I can see them as part of a museum of what not to do, but to leave them up knowing why they were put up in the first place to paint them as heros is vile. Leaving them up in that context is no different to me than glorifying Andrew Jackson and what he did to Native Americans.
Slavery was a horrible part of our history. Lynchings were a horrible part of our history. Segregation was a horrible part of our history. Nobody back then who supported that should be represented in such a way as those who made the statues back then supported or the actual men who supported it.
Nobody should erase that past nor pretend it never happened. But I am not talking about erasing history but putting those figures in the context of what humans should not do to other humans.
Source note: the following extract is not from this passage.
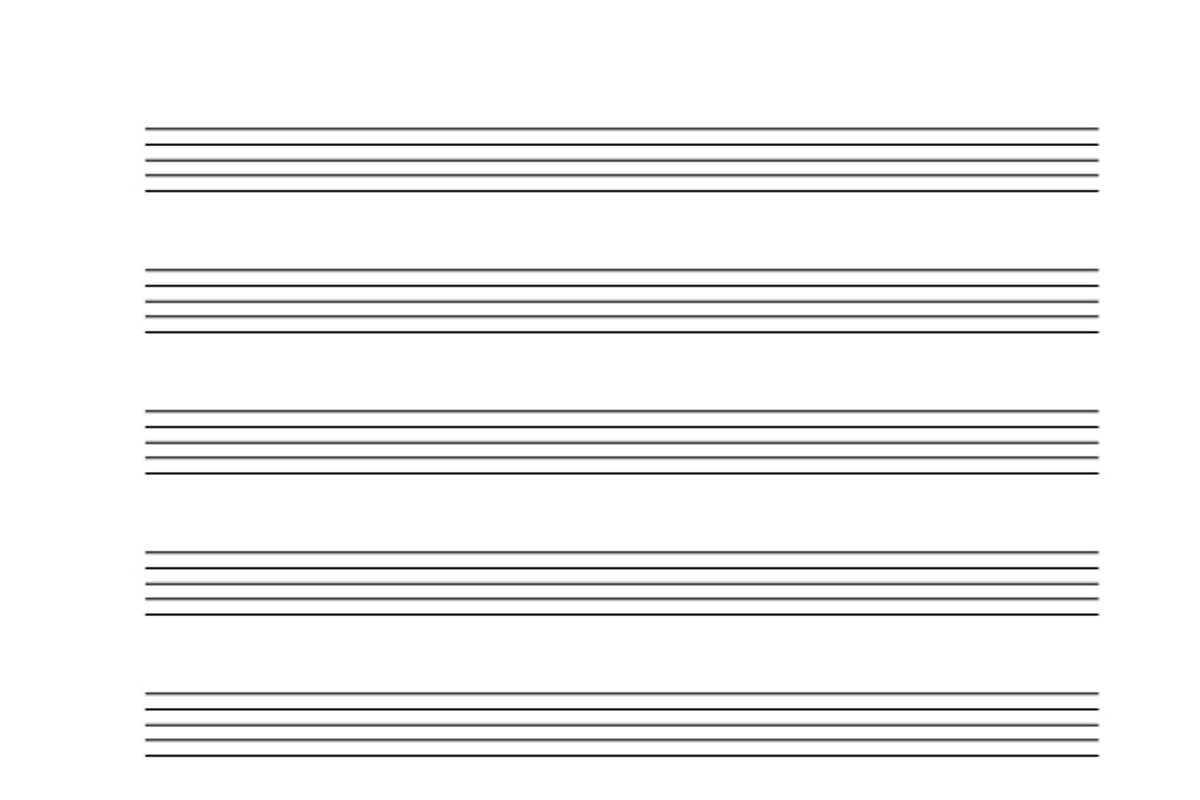 Music note stave a4 sheet, an Object Graphic by BestPics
Why shouldn't the town have a say, it doesn't violate any constitutional rights and if the people there want the statue then they should be able to keep it, as well as if they don't want it then they they should be able to remove it. Slavery is bad no doubt about it, but that's not the issue here, the issue is should towns not be able to display statues of people who fought for the confederacy.
^^^^^ Is like saying, "Why cant Islamic countries throw gays off rooftops and deny women equal rights?"
This is about the pure fact that government property is the property of everyone, not one group, not one political party and should not be used to promote or glorify cruelty to other humans. Those who conducted the war in the south were not heros, they were the enemy.
You would not say that say, if Iran had a civil war, and out of the ashes a western democracy rose but some still kept the statues of those who clung to the past.
If you defend the town/city in that fashion then you have no value for the bloodshed and struggle of those who supported the likes of MLK and what he did and died for to end segregation. To leave up statues of those who apposed the progress he died for is vile.
The only context those statues should be kept around like I said, is in a museum of what not to do to your fellow human being.
You are not defending free speech by arguing like this. You are defending a vile history that nobody should want to glorify.